I wipe my kitties chins with a cloth daily. They're piglets & always get food on their mouths!
post #3 of 8
Thread Starter 
Yes it is a gritty dirt.

That makes sense, I was wondering if it had anything to do with their cat food dish.

Are they the cat wipes you use instead of giving them an all out bath??
post #4 of 8
I just get a cloth wet & wipe their chin. Plain water suffices for mine. You can get stainless steel food bowl. Ceramic will work as well, but stainless steel seems to work best.
post #5 of 8
Many times cats that eat out of plastic bowls will get "feline acne". So if that's the case, change your bowls. Also use a more shallow type of bowl for food or a plate.
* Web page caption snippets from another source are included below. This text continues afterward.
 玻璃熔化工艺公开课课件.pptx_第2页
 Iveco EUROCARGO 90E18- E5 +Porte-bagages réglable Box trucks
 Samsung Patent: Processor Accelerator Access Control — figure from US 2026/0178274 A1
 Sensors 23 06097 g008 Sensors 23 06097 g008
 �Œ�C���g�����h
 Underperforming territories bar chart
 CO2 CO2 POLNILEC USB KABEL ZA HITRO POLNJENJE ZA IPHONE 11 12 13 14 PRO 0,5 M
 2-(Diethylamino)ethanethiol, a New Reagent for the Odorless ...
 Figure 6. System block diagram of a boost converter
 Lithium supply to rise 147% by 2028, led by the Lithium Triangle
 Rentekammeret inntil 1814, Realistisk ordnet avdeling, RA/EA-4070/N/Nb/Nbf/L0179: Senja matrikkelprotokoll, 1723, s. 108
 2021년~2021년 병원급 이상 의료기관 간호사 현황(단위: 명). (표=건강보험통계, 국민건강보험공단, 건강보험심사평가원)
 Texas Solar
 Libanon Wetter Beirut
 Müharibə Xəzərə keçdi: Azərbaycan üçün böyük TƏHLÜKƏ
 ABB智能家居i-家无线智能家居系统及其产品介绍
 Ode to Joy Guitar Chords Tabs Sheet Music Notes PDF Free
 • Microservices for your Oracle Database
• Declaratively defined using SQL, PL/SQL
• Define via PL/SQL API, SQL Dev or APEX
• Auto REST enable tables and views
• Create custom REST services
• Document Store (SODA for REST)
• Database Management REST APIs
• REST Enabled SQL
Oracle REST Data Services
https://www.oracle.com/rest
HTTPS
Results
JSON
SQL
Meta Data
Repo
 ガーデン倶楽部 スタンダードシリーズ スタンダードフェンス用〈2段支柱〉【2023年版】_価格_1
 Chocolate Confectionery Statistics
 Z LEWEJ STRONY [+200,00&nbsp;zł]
You can wash their chins with mild soap/warm water. I'd do it once a week. I know what you mean - some of my white cats had that problem and I'd have to wash the chins too.
post #6 of 8
Thread Starter 
Now my next problem is that I can't change the food bowl. It's an automatic feeder, guess I'm stuck just washing their chins all the time! Thanks for the addvice, I was getting worried when the second cat started getting a dirty chin!!!!
post #7 of 8
My advice is get rid of the automatic feeder. It can cause some really bad acne problems and leave your kitty with a sore chin. If you like to free feed get a big ceramic or stainless steel dog bowl. Also take away plastic place mats and replace with cloth ones. Feline acne can become uncomfortable for your sweet babies!

You can search TCS for feline acne or kitty acne and get some other stories and advice as well!
post #8 of 8
Changing bowls and cleaning them often really helps the dirty chin syndrome a lot! And I agree with getting rid of automatic feeders! Pet dishes need to be cleaned all the time just as human dishes do!